L'Union européenne (UE) envisage d'expulser des migrants vers des pays avec lesquels ils n'ont aucun lien évident, dans le but d'expulser davantage de personnes n'étant pas autorisées à rester.

Les groupes de défense affirment que les projets de «tiers pays sûrs», dévoilés mardi, sont contraires aux valeurs de l'UE et pèseront sur les pays les plus pauvres. Selon les règles de l'Union, des personnes peuvent être envoyées vers des pays considérés comme sûrs, mais pas vers ceux où elles risquent d'être victimes de violences physiques ou de persécutions.

«Nous pouvons nous attendre à voir des familles séparées et des personnes expulsées sans contrôle judiciaire approprié vers des lieux qu'elles ne connaissent même pas», a prévenu Silvia Carta, chargée de plaidoyer chez PICUM, un collectif d'organisations de défense des droits des migrants.

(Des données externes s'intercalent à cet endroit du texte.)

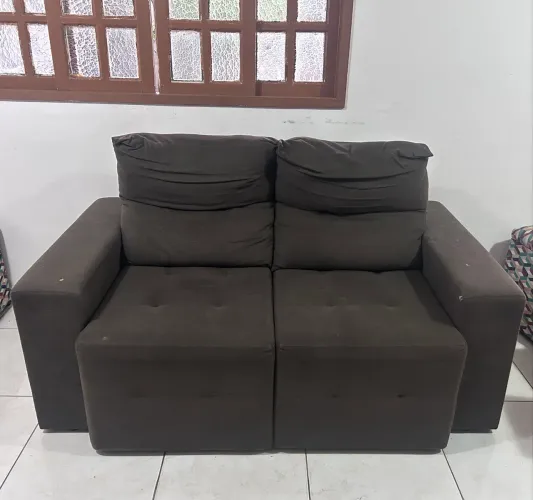 Sofá retrátil de dois lugares (compacto)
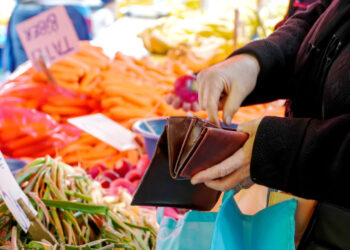 Asgari Ücrete Temmuz Zammı mı Geliyor? İsa Karakaş'tan 'Önünde Hiçbir Engel Yok' Çıkışı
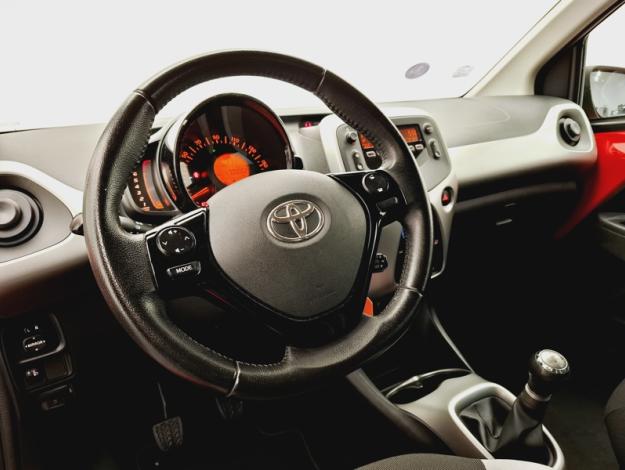 TOYOTA Aygo 1.0 VVT-I X-PLAY  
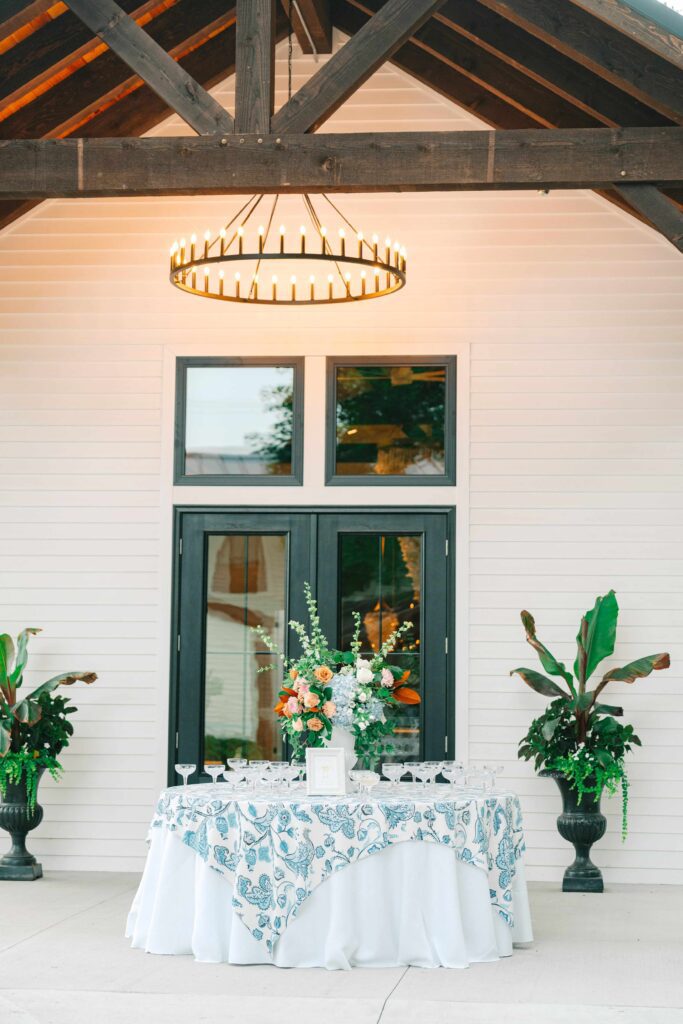 1840 Manor House cocktail hour at the carriage house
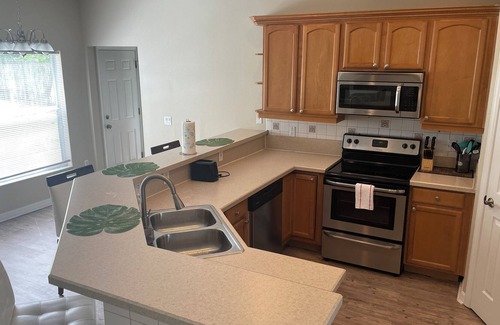 Winter Springs House | Cozy Home 4 bedroom 5 bed with Jet Tub.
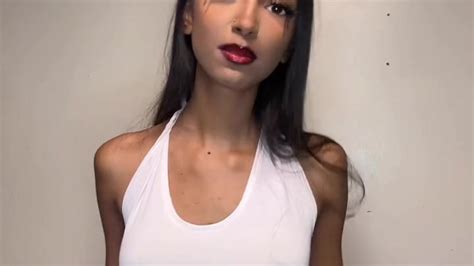 petite girl dancing in see tight nurse dress see my nude content on onlyfans Vídeo de sexo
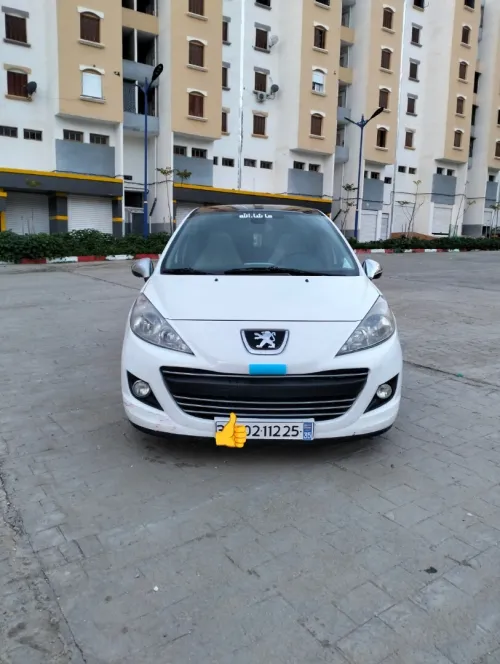 Peugeot 207 HDi 2012 2012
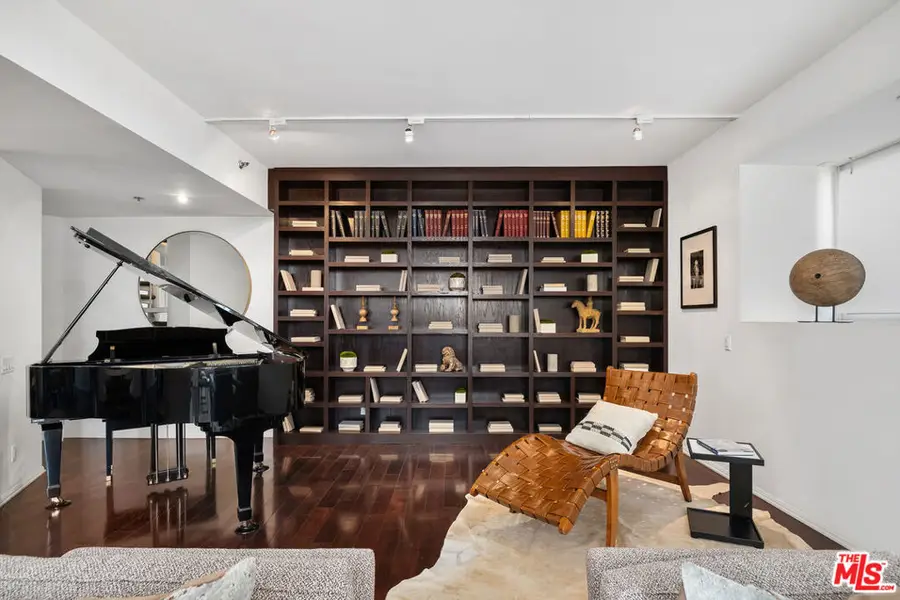 10550 Wilshire Boulevard #305, Los Angeles, CA 90024 - #3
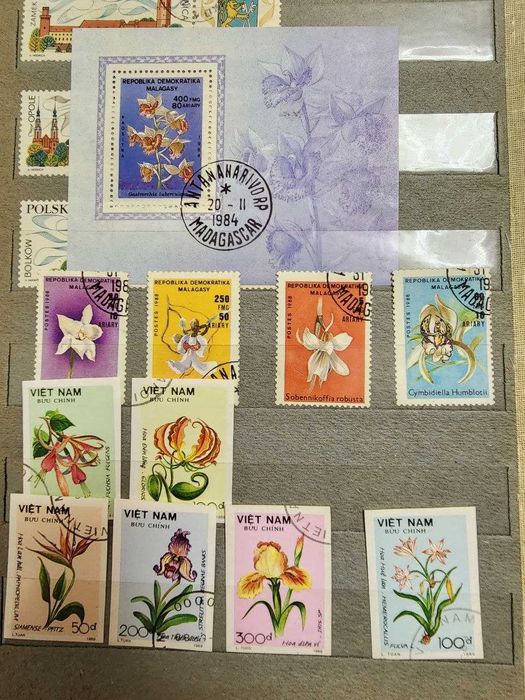 Марки коллекционные.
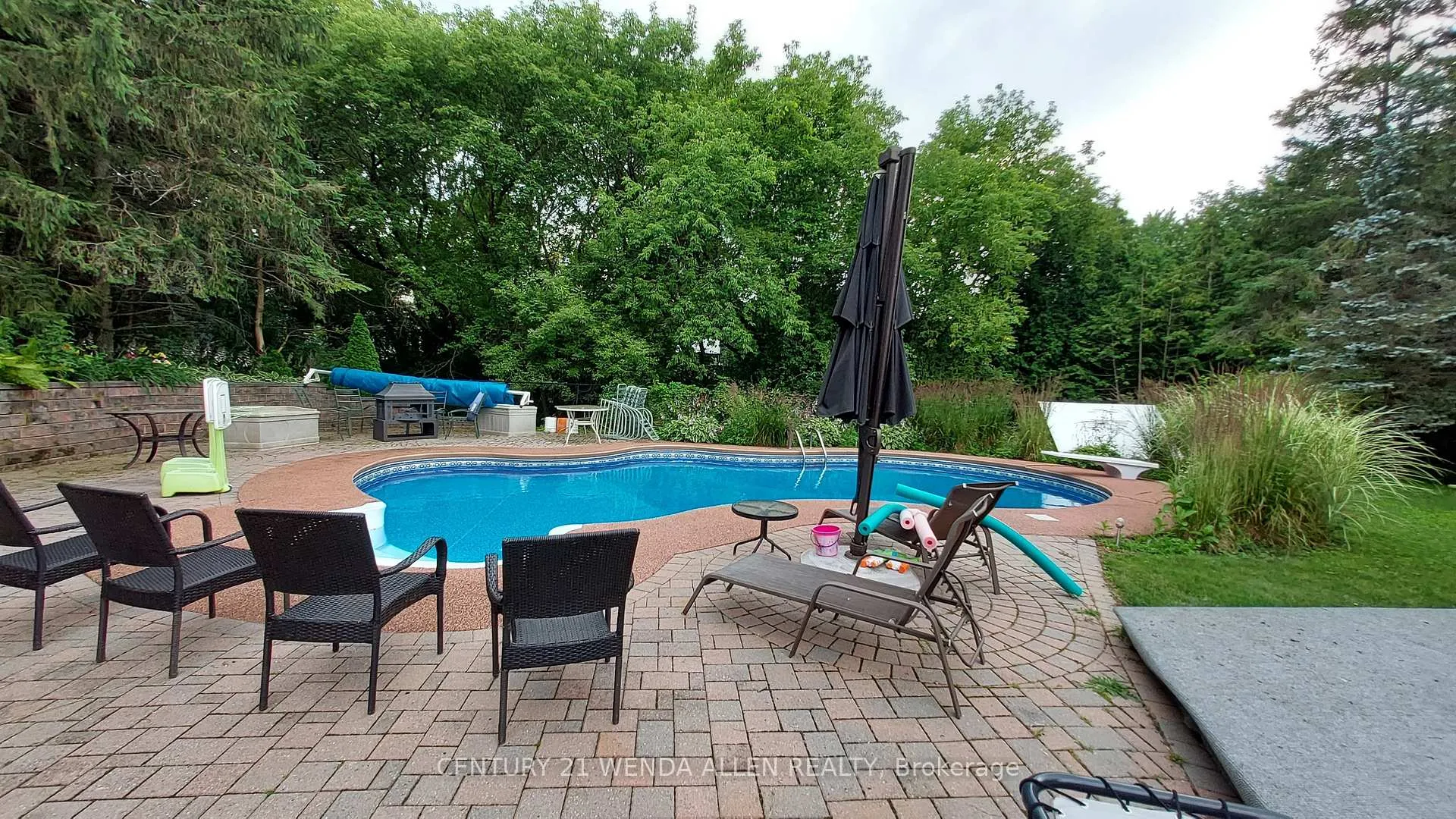 Photo 3 of 26 Riverview Drive, Scugog, Port Perry — HOMEH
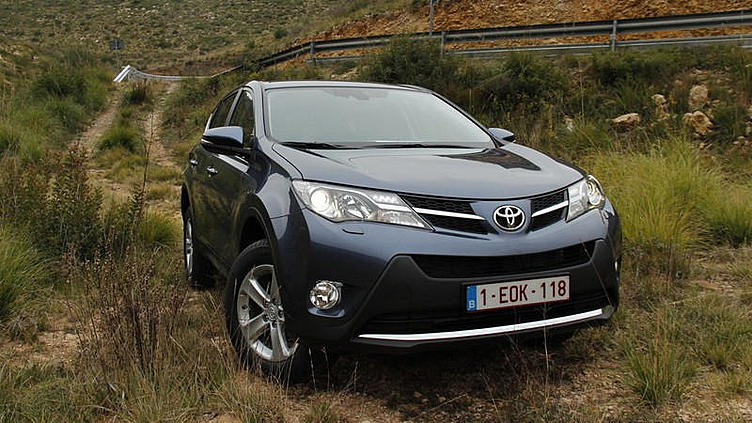 Репортаж с колес: первый тест-драйв новой RAV4 Репортаж с колес: первый тест-драйв новой RAV4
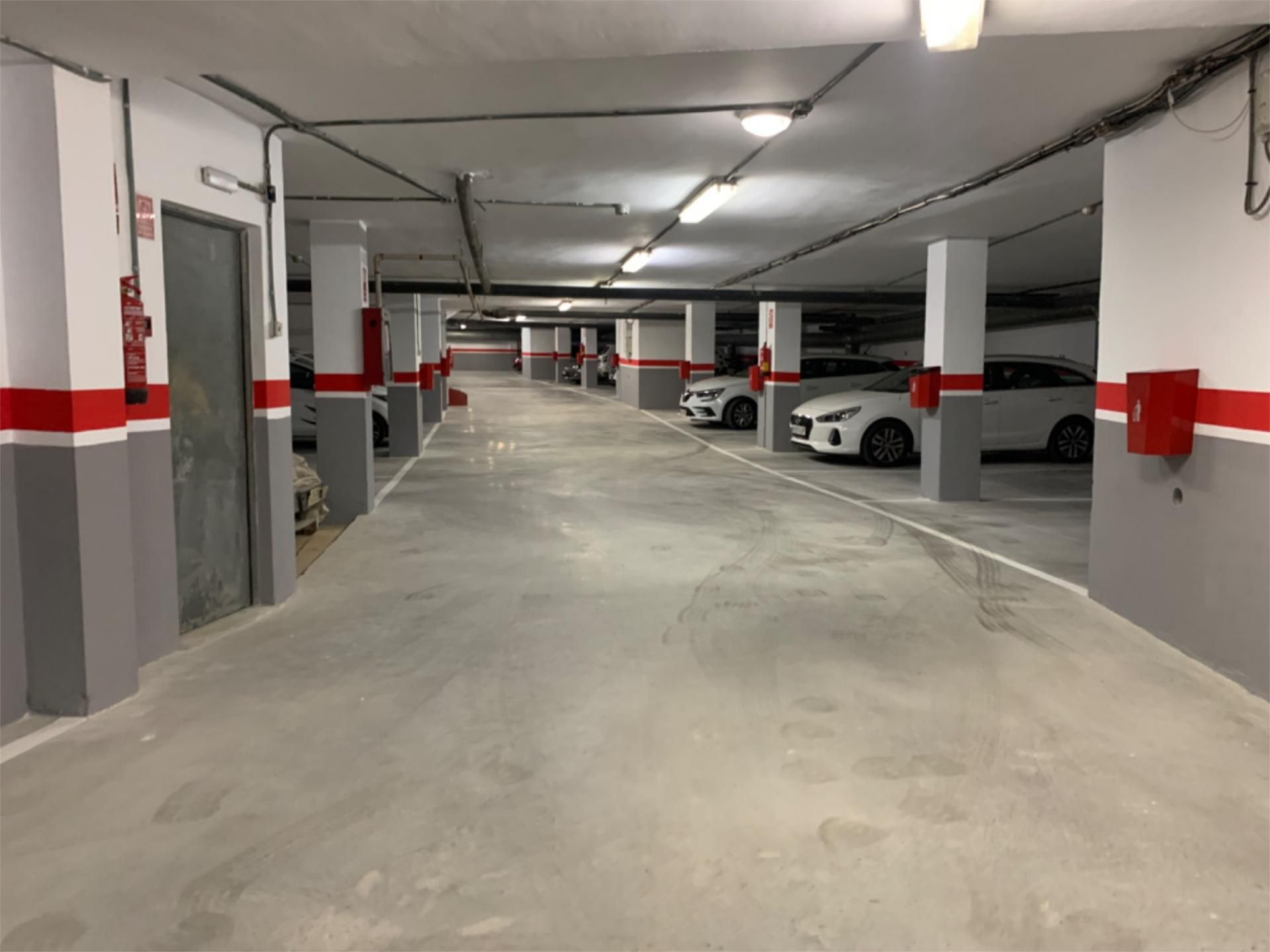 Aparcament de Garatge en venda en  Almería Capital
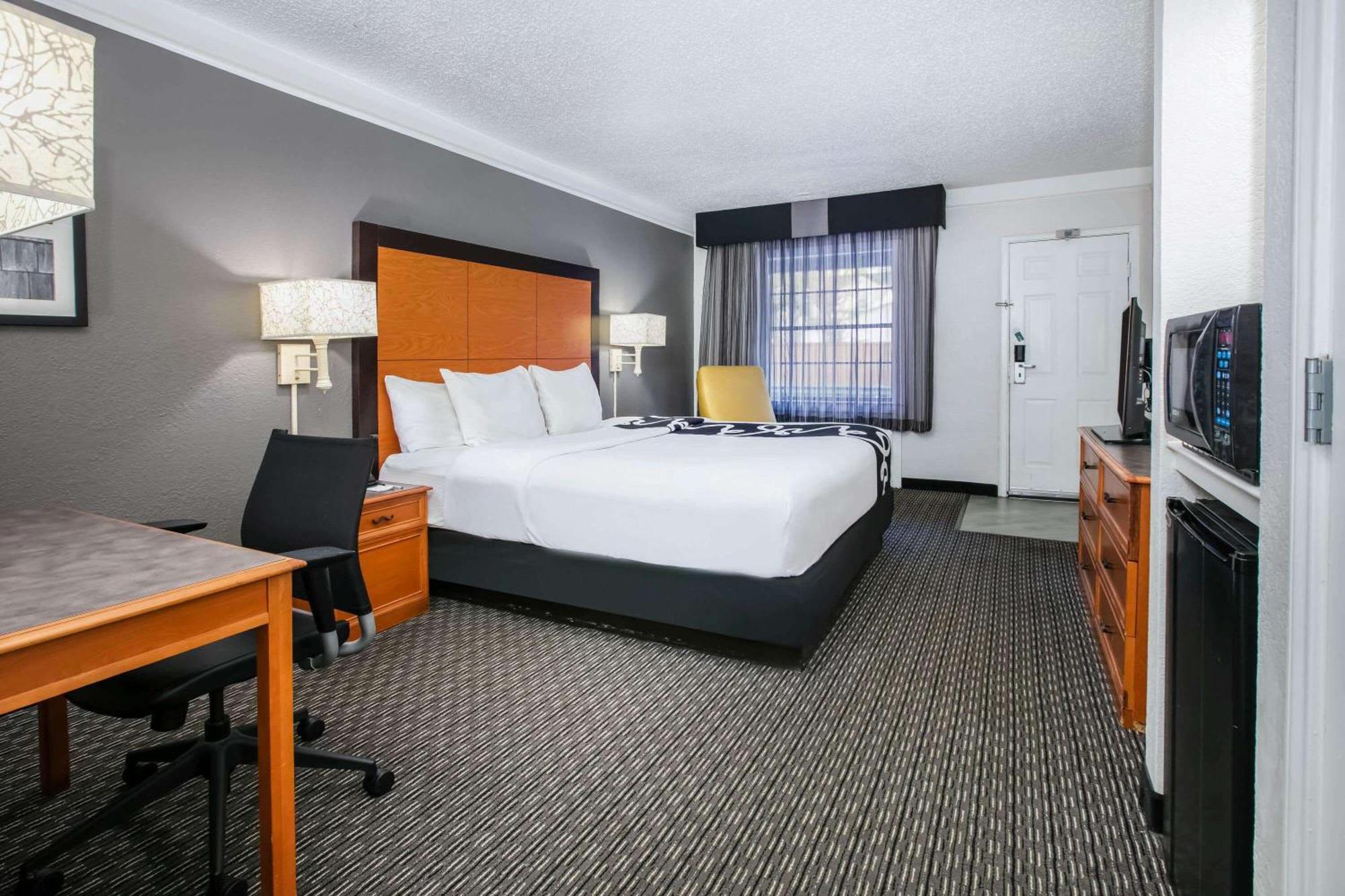 La Quinta Inn By Wyndham Dallas Uptown Стая снимка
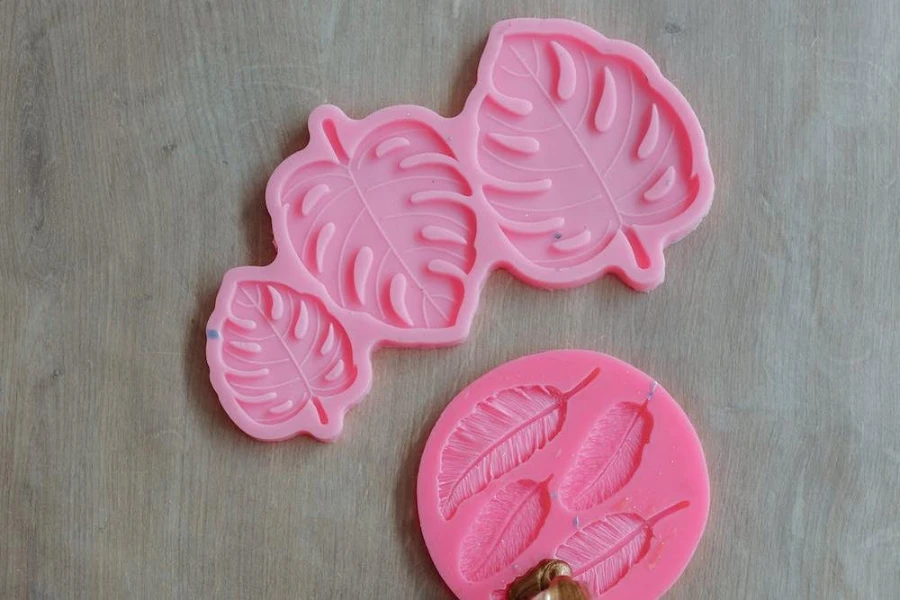 Pink silicon, flowery resin mold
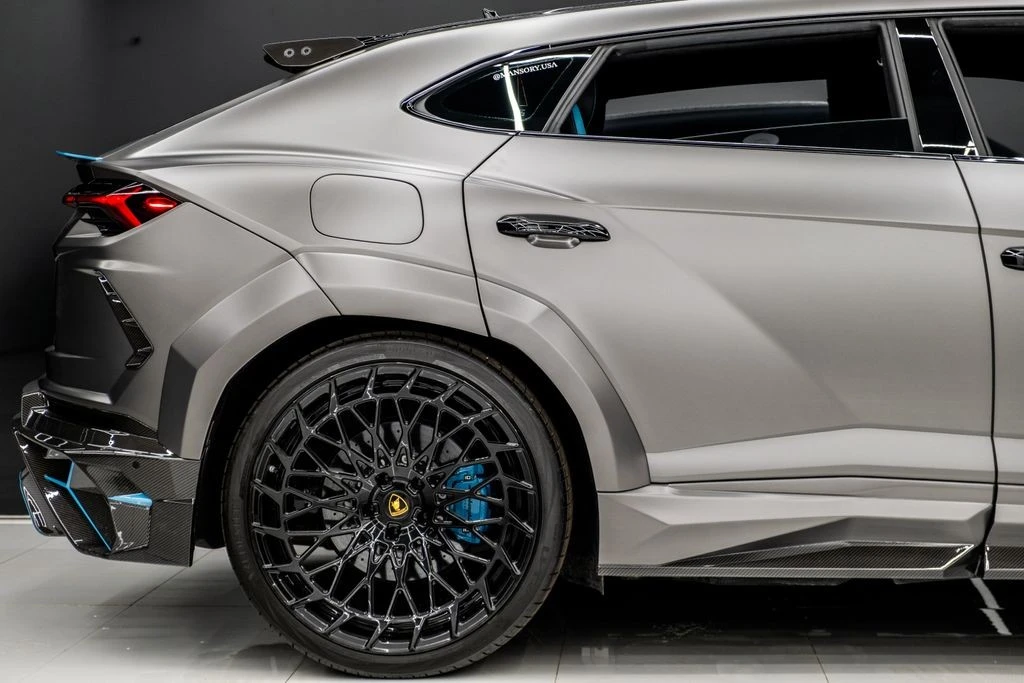 2023 Lamborghini Urus Performante - Image 6 of 21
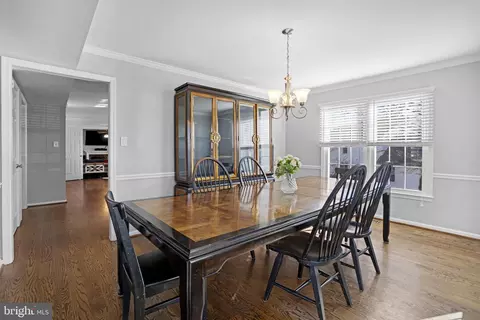 Dining - 9357 River Crest Rd, Manassas, VA 20110 photo 3 of 4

La Commission européenne, l'organe exécutif de l'UE, a proposé que les 27 pays membres ne se sentent plus tenus de garantir que les migrants aient un lien avec un lieu où ils pourraient être envoyés. 

La Commission, qui propose la législation européenne et veille à son respect, a déclaré que les migrants sans papiers pourraient également être considérés comme ayant un lien avec un pays s'ils l'ont traversé en toute sécurité pour rejoindre l'Europe. Cette disposition ne s'appliquerait pas aux enfants voyageant seuls.

Dans le cadre de ce projet, des personnes pourraient être conduites de force vers l'un de ces pays avant que leur cas ne soit examiné, même en cas de recours.

Le nouveau projet de règles, qui doit être approuvé par les pays de l'UE et le Parlement européen pour entrer en vigueur, a été dévoilé alors que plusieurs pays, dont le Royaume-Uni et l'Italie, cherchent à créer des «centres de retour» dans des pays tiers où les demandeurs d'asile déboutés pourraient être retenus jusqu'à leur expulsion.

La Commission a déclaré que son projet accélérerait les procédures d'asile et allégerait la pression sur les administrations et les structures européennes. Le droit européen exige actuellement des autorités qu'elles prouvent l'existence d'un lien entre les demandeurs et le pays tiers sûr vers lequel ils pourraient être envoyés.

«Au lieu de consacrer un temps et des ressources incalculables à se décharger de ses responsabilités sur d'autres pays, l'UE devrait investir dans ses propres systèmes d'asile», a pointé Olivia Sundberg Diez, défenseuse de la migration et du droit d'asile à Amnesty International. 

«Envoyer des personnes vers des pays avec lesquels elles n'ont aucun lien, aucun soutien et aucune perspective, ou n'ont transité que brièvement est non seulement chaotique et arbitraire, mais aussi dévastateur sur le plan humain», a soutenu Mme Diez.

Plus d'un million de personnes sont arrivées en Europe il y a dix ans, déclenchant une crise politique quant à leur prise en charge. Les tensions entre voisins européens restent palpables. Depuis, les lois sur l'immigration n'ont cessé de se durcir.

Le mois dernier, la Commission européenne a déclaré que sept pays – le Bangladesh, la Colombie, l'Égypte, l'Inde, le Kosovo, le Maroc et la Tunisie – devraient être désignés comme «tiers pays sûrs».

Elle a précisé que les migrants originaires de ces pays ont peu de chances d'obtenir l'asile en Europe et que leur demande devrait être traitée en trois mois, au lieu des six mois habituels, afin de pouvoir être renvoyés chez eux plus rapidement.

Les demandes d'asile des personnes originaires de pays candidats à l'adhésion à l'UE – Albanie, Bosnie-Herzégovine, Géorgie, Moldavie, Monténégro, Macédoine du Nord, Serbie et Turquie – bénéficieraient également d'une procédure accélérée.